Christmas Moon
First, I scanned the hallway.
I noted a window directly opposite the furnace. The window was covered by both blinds and a curtain. Upon closer inspection, I saw that the blind wasn't really made for this window. It was a half inch too narrow...perhaps just narrow enough for someone to see through.
I next ran my fingers along the dusty curtain, and what struck me immediately was how thin the material was. Thin and see-through. Individually, the blinds were too narrow and the curtains too thin. But together, they should have done the job of keeping away prying eyes.
I thought about that as I scanned his hallway...and spotted the oscillating fan at the end. The fan was turned off, but I had another thought.
I went over to it and turned it on. It faced into what appeared to be Charlie's bedroom. Then it started oscillating, turning briefly toward the hallway. The blast of air from the fan wasn't much. But it was enough. A moment later, the hem of the curtain fluttered up.
I watched three or four revolutions of the fan, and each time, the hem of the curtain fluttered higher and higher. I went back to the window and studied it, and as I studied it, an image began to form in my thoughts.
The image coalesced into that of a young man standing just outside the window. I closed my eyes and the image came into sharper focus. A young man who was watching Charlie. Standing just outside the trailer. Late at night.
Who the person was, I hadn't a clue. Why he happened to be standing just outside the trailer, I didn't know that either. My psychic hits are just that. Hits. Not all-knowing information. Glimpses of information. Snapshots of information. It was up to me to dig deeper, to decipher, to probe, and ultimately to figure out what the hell it all meant.
I went back into the living room, walked around the upper half of a recliner - just the upper half, mind you - and found Charlie scratching his fat little pooch. The dog saw me, promptly piddled on the carpet, and dashed off into the kitchen. Or what should have been a kitchen. In Charlie's world, it was just another storage room.
"Rocko!" he shouted, but Charlie didn't really sound angry. He sounded shocked, if anything. He immediately produced a rag from somewhere on his person and went to work on the pee stain in the carpet. "I don't know what's gotten into him."
"Maybe he smells my sister's cat on me," I said, since it seemed safer to say than: It's probably because I'm a blood-sucking fiend, and dogs, for some reason, can sense us.
"Maybe," said Charlie. "But dogs are going to be dogs, ya know? You can't get mad at them for being dogs."
I smiled at his simple philosophy. I asked, "Do you ever leave Rocko alone?"
"Sometimes, but he likes to ride in the car with me."
"So there are times when your house is completely empty?"
"I suppose so, yeah."
As he cleaned, I asked him how often he checked on the safe.

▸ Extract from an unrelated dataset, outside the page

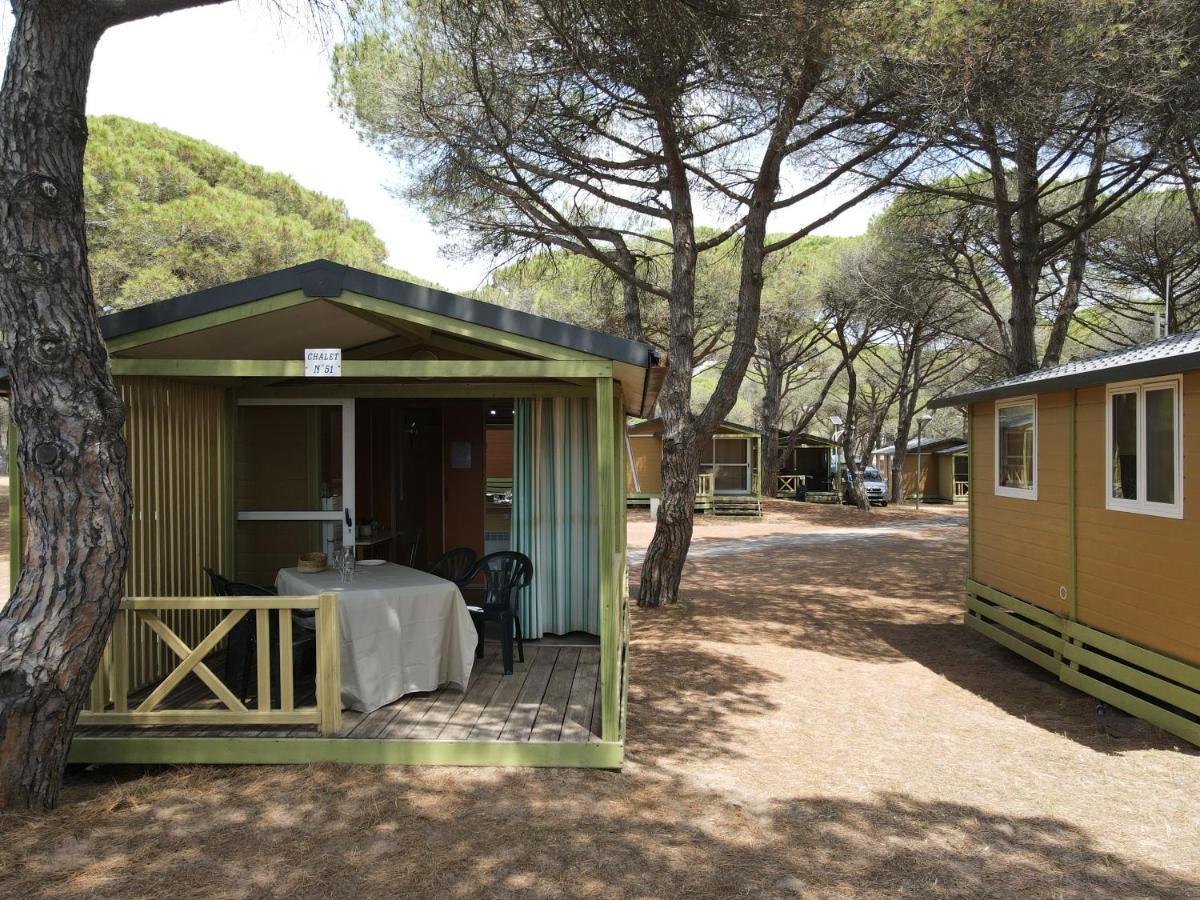 Camping La Tamarissiere Agde Eksteriør bilde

He looked up at me from the floor, a little sweat already appearing on his brow as he worked at the dog pee. "Well, I don't really check it."
"What do you do?"
He looked away, suddenly embarrassed. He stopped scrubbing the floor. His balding head gleamed. "I guess I sometimes look at it."
"Look at it?"
He thought some more. "Well, I guess it reminds me of my dad, you know? And my grandfather. We all had the at one time or another. We all talked about it. And sometimes..." But Charlie suddenly got choked up and couldn't continue.
So I finished for him. "And sometimes when you looked at it, or when you touched it, you could feel your father and grandfather nearby."
Charlie wiped his eyes and nodded and looked away.